Last year, 43,000 girls played high school flag football in the United States. The year before, that number was roughly half. The growth is the kind that makes sports executives pay attention, and several of them already have. NFL clubs recently approved a $32 million investment in a professional flag football league. The NCAA added flag football as an Emerging Sport for Women. And the International Olympic Committee put it on the program for the 2028 Los Angeles Games.
Flag football does not feel like a fringe sport anymore. And iFlag, the company that holds the Guinness World Record for the world’s largest single flag football tournament, is building its next chapter on that shift.
This month, iFlag announced the International Flag League, a professional Flag Football League for women and men. For an organization that has spent 11 years running tournaments across the country, the move into professional play feels less like a leap and more like the next step in a plan that has been in motion for a while.
They Were Paying Women Before It Was a Talking Point
Here is the detail that tends to stop people. iFlag was the first flag football organization in the country to offer cash prizes to female athletes and make those prizes equal to what men received. Not close. Equal.
This was not a recent development prompted by outside pressure or favorable press coverage. It has been company policy since early in their history, built into the way iFlag structures its events. At a time when debates about equal pay in women’s sports were still largely theoretical in most corners of the industry, iFlag had already made the call.
“Equal pay reflects our belief that athletic performance deserves equal recognition,” said Charles Davis, Co-Founder and Co-CEO of iFlag. “We established that principle early, and it will be a defining feature of the professional league.”

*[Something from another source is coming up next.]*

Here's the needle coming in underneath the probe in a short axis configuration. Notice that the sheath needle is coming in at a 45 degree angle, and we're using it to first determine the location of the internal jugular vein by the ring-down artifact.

That same structure carries into the International Flag League. Women compete for the same prize money as men, in a league built with their participation as a priority rather than an addition.
A Million Athletes Later
Before any of this, iFlag had to prove it could actually run events at scale. Over 11 years, the organization hosted more than one million athletes across open invitation tournaments for youth, high school, collegiate, and adult divisions throughout the United States. Those are not just impressive numbers. They represent the operational foundation on which the professional league is being built.
In January 2025, the organization set the Guinness World Record for the largest single flag football tournament ever held. The record formalized what people inside the sport already knew. iFlag could put a lot of people on a field and make it work.

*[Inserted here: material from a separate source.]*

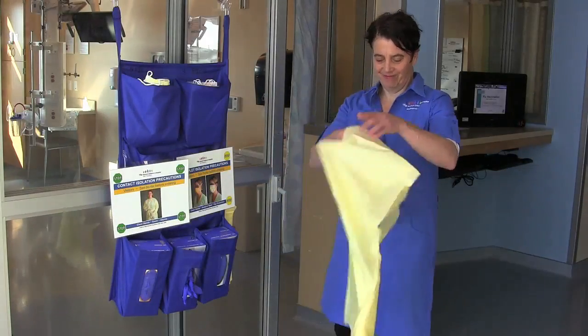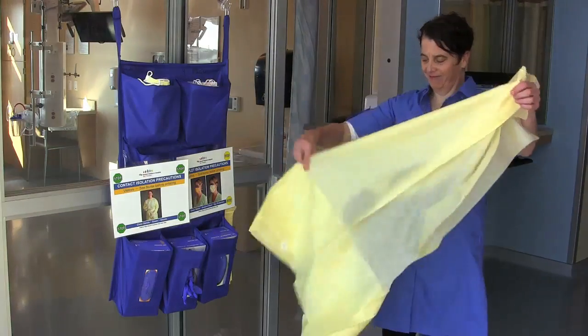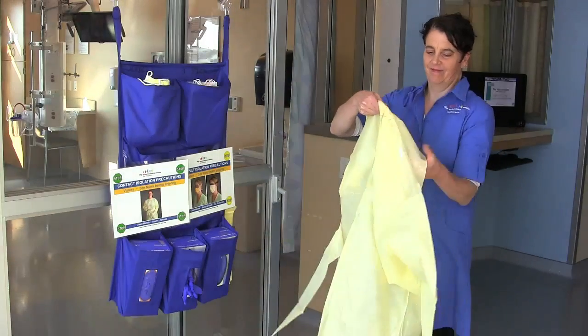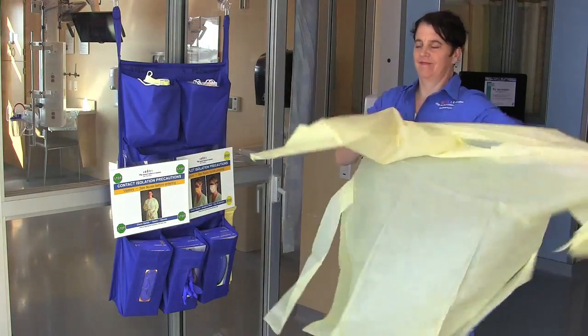Don gown, gloves, mask, and eye protection upon entry into a contact and droplet precautions room. Remove any items from clothing that may prevent PPE from fitting properly.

“We did not arrive at the professional league by accident,” Davis said. “Every tournament we have run and every athlete we have served has been part of building toward this.”
What the League Actually Looks Like
The International Flag League will feature accelerated seasons with standardized format of 5v5 and equal prize money across men’s and women’s divisions. Most early players are expected to come from within iFlag’s existing tournament community, which gives the league an experienced roster from day one. Markets, schedules, and media partnerships will be announced as agreements are confirmed.
“We are not building a league in isolation,” Davis said. “We are extending a system that already works, for athletes who are already here, in a sport that is finally getting the recognition it has earned.”